Bling, Bling, Sparkle, Sparkle

By: - Oct 16, 2016

It’s been a super busy Oktoberfest weekend in North Adams.

A couple of days ago there was the first frost on the pumpkin. The combination of cold nights and warm days marks the transition into Holiday season.

Mobs of people-locals and visitors- were out and about.

There were the annual Open Studios at the artists/ loft Eclipse Mill. At the end of the day the artists gathered to unwind and share tales.

The parking lots in and around MASS MoCA were packed as the contemporary art museum featured a double-header including the major gallery opening of the year in its vast Building Five and an evening concert by Benjamin Clementine.

The unveiling of Nick Cave’s “Until” marked the culmination of a remarkably labor intensive, three year project that entailed ten studio assistants and MoCA’s renowned installation staff.

For several months Cave has been working with elements shipped from his Chicago studio while residing in North Adams for the daily toil of assembling a vast array of found and assembled decorative materials.

There was a visible assault to the senses entering the vast gallery from its staircase.

The first impression was a daunting array of an over-the-top, tinsel town. As the artist told a reporter it includes “17 black-faced lawn jockeys on a crystal cloudscape 18 feet in the air; 20,000 whirling wind spinners; a ‘waterfall’ of shimmering foil-like strips; a thousand or so intentionally garish ceramic tchotchkes; and several million beads, some of which comprise shimmering mountains…”

Explaining the title of the installation “Until” he stated that it is derived from the notion of “Innocent until proven guilty, guilty until proven innocent…Looking past what he called the ‘bling bling, sparkle sparkle’ factor of the exhibition is a grave theme: the fraught nexus of gun violence and race, in particular the deaths of African-Americans in police custody in places like Ferguson, Mo., and elsewhere.”

The complex work, a departure from Cave’s human-scaled “Soundsuits,” is an attempt to address the murder of black men gunned down by police in communities all over America.

Initially, particularly when mobbed with visitors during the opening, it is difficult to intuit how to navigate and comprehend the cluttered, kitschy space.

Through what appeared to be a path we came to a central area with a chandelier/ cloud supported by a sprawling yellow, metal construction with four sets of steps. We lined up and one-by-one ascended these stairways to heaven. One had a brief encounter with a dense clutter of signifying elements.

The lawn jockeys, literally buried in the heap of debris, held out dream-catcher butterfly nets. That nugget we learned through research but will not be readily apparent to visitors. It helps to have a cheat sheet when visiting this installation with its conundrum of populist entertainment vs. subversive narrative in the none-too-clear intentionality of the artist.

While the curator Denise Markonish empowered the artist to spin a room of straw into gold she might have helped to give articulation, shape and form to the project.  All that glitters is not gold.

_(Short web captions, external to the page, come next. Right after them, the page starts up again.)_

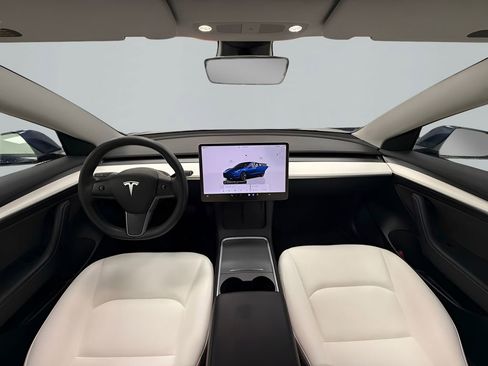 Used 2023 Tesla Model 3 Standard Range image 15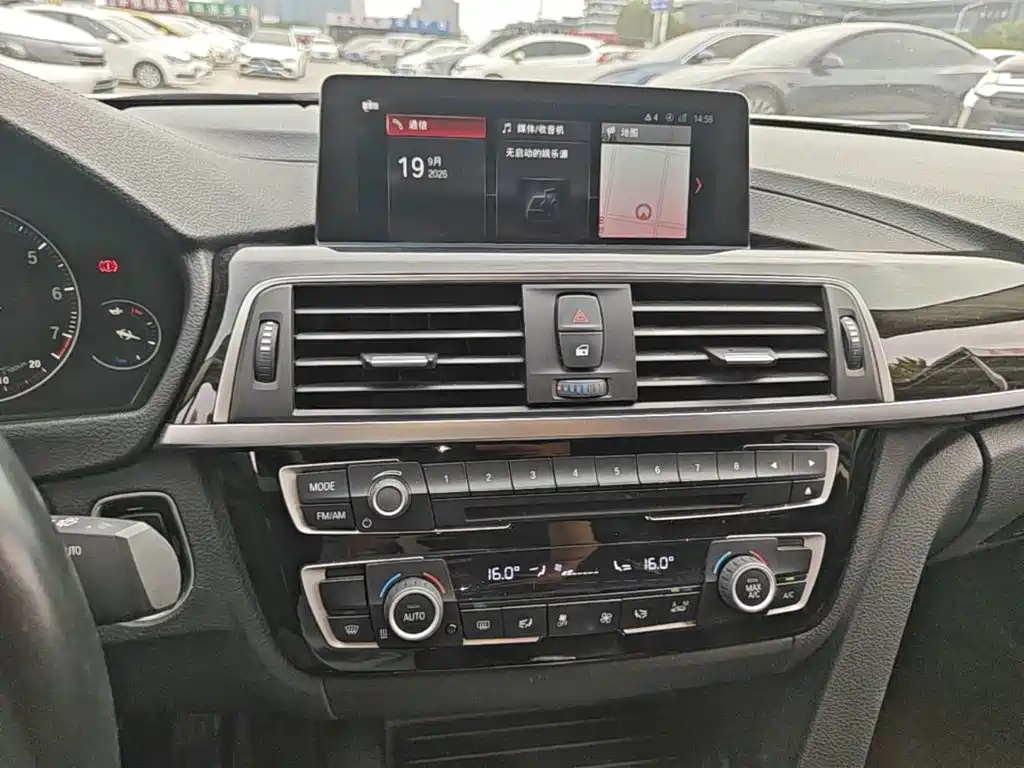 BMW 3 Series — миниатюра 13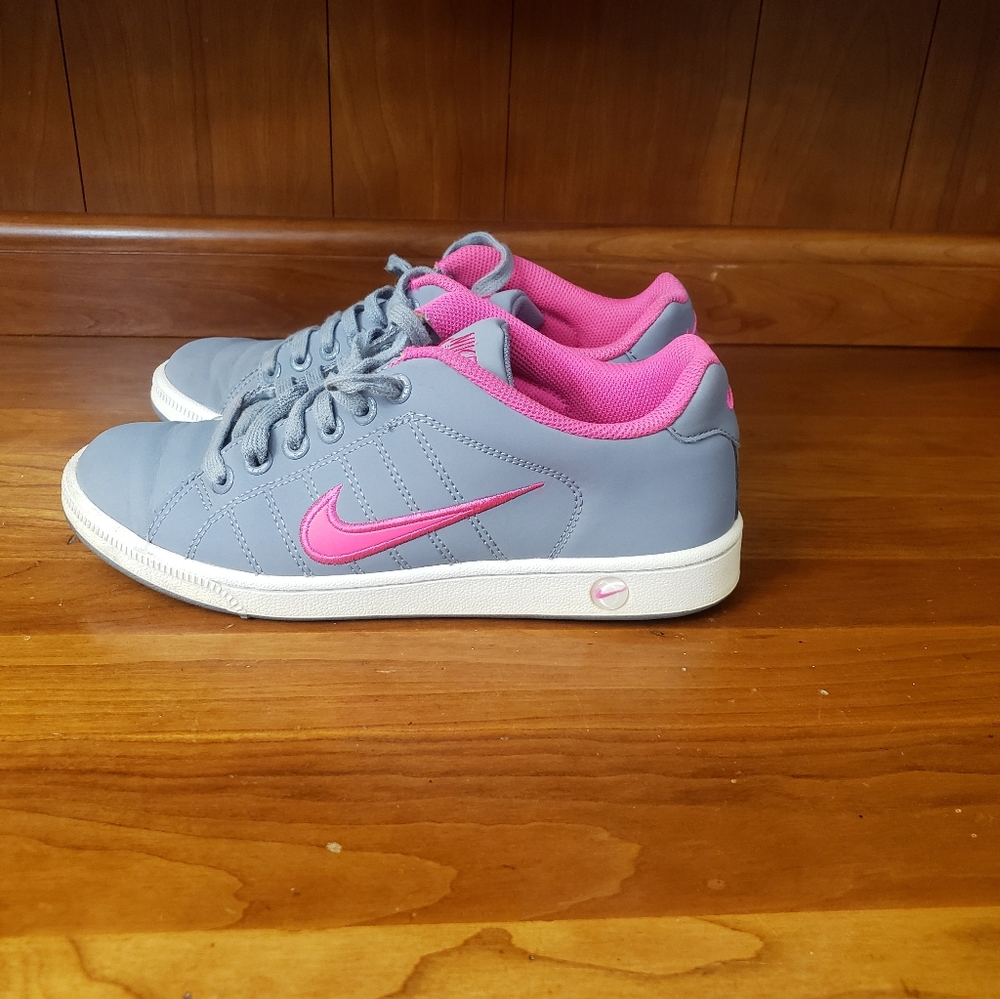Nike womens shoes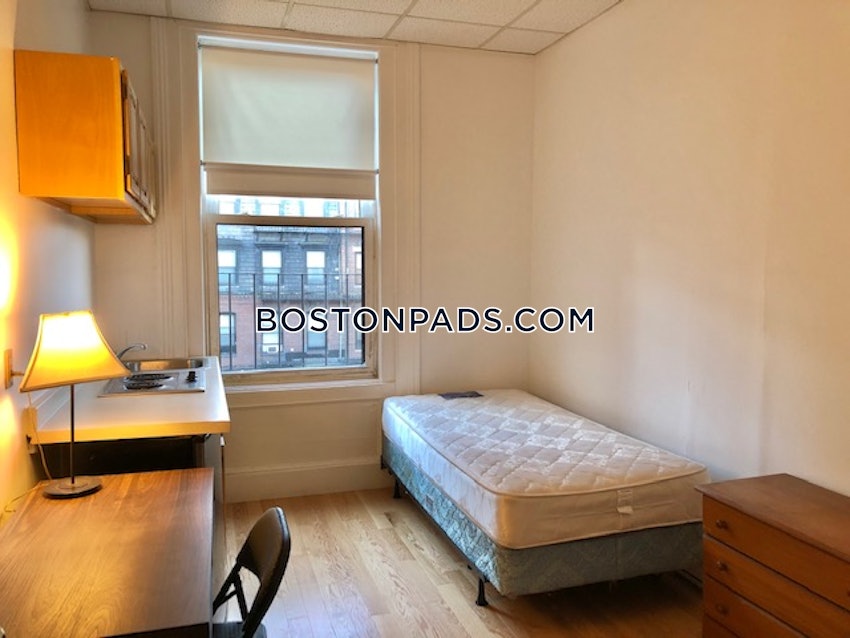 BOSTON - BACK BAY - Studio , 1 Bath - Image 8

There was only time for a brief encounter with an installation that on first impression was more spectacle than spectacular. It evokes a big budget movie with incredible special effects but not much of a plot. Follow up visits will allow for finding the narrative threads necessary for in-depth critical analysis.

Nearby gospel singer Brenda Wimberly, accompanied by organist Sereca Henderson, on a small stage was belting out a bathetic version of the treacly anthem “You’ll Never Walk Alone.” The stage will be the locus for performance events, including one by the artist, Bill T. Jones, and Solange Knowles among others, planned for the year-long run of the exhibition.

At the rear of the space is a balcony. Below it was a room with video projections, a changing mural on the walls, and an illusion of waves and water around our ankles.

On the balcony is a blue and white, glitter curtain, waterfall glimmering in a breeze generated by a bank of industrial fans behind it.

The view from the edge of the balcony was obstructed by a web of woven strung beads. There are several million of them representing quite a task to accomplish.

While it will take time to sort out what it all means it was clear that, taken on face value, visitors were having a good time. Everyone loves a parade.